Maybe I can be funny and outgoing with one friend, and conservative and thoughtful with another, but still be authentic and real in both scenarios. We're all complex human creatures with many different needs and moods, so it makes sense that we don't give our whole selves to every person... or maybe any person.
Isn't that the joy of having friends? (multiple). Because one friend is hilarious and brings out my silly, outgoing side. Another friend is passionate and thoughtful, who brings out those qualities in me. With some friends I talk deeply and seriously about personal growth and the state of the world. With other friends I just giggle and gossip about boys. Neither is more important in my life. They're both scratching an itch in my heart or my mind, just in different spots.

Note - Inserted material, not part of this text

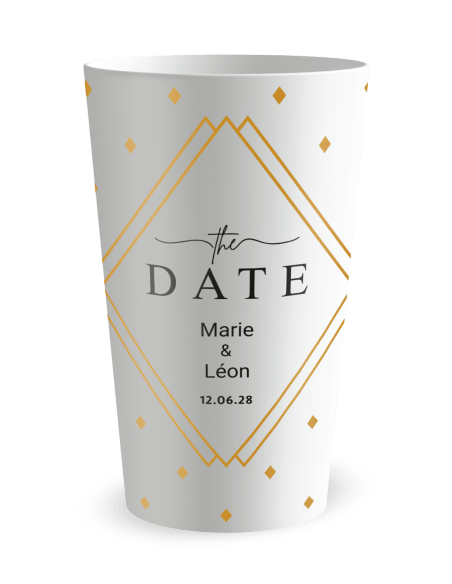 Gobelet blanc de face - mariage losanges - Ecocup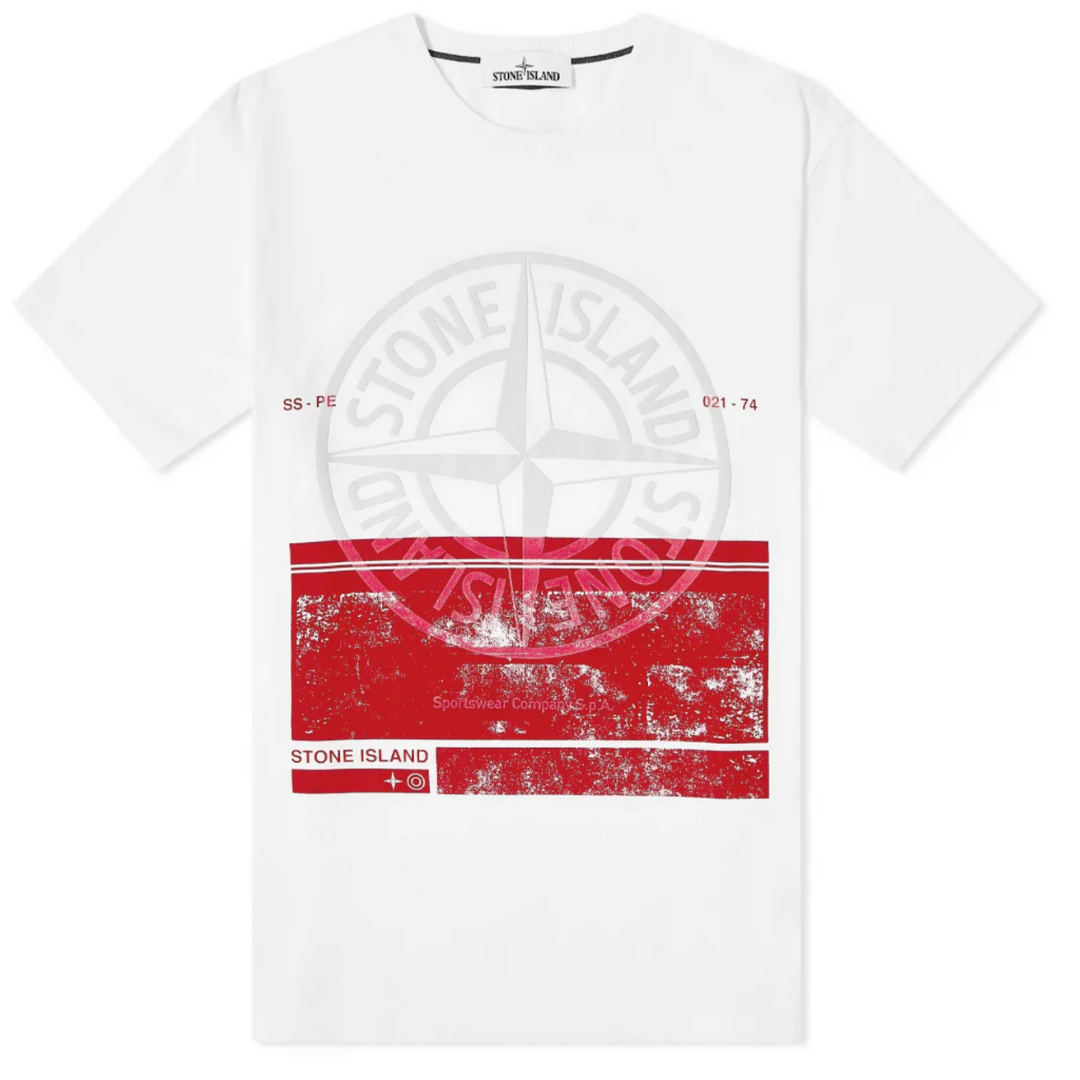 STONE ISLAND BLOCK T SHIRT WHITE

I needn't worry about "being myself" as a single concept, because it's rarely just one thing. One friend might see me with another friend and barely recognise me because I seem different. Because I am different. But still the same. You know?
Maybe I speak louder or laugh more. Maybe I seem grumpier and don't smile as much as I normally would. Maybe I'm more sarcastic or more adventurous, or even have a slight English accent that came from who knows where (this happened once).
But I'm still me. I'm just in another part of my being. Scratching a different itch. It's not about hiding my true nature or being dishonest. It's about sharing and exploring the part of myself that is inspired by that particular friend. To learn from each other and feel part of something lovely and meaningful.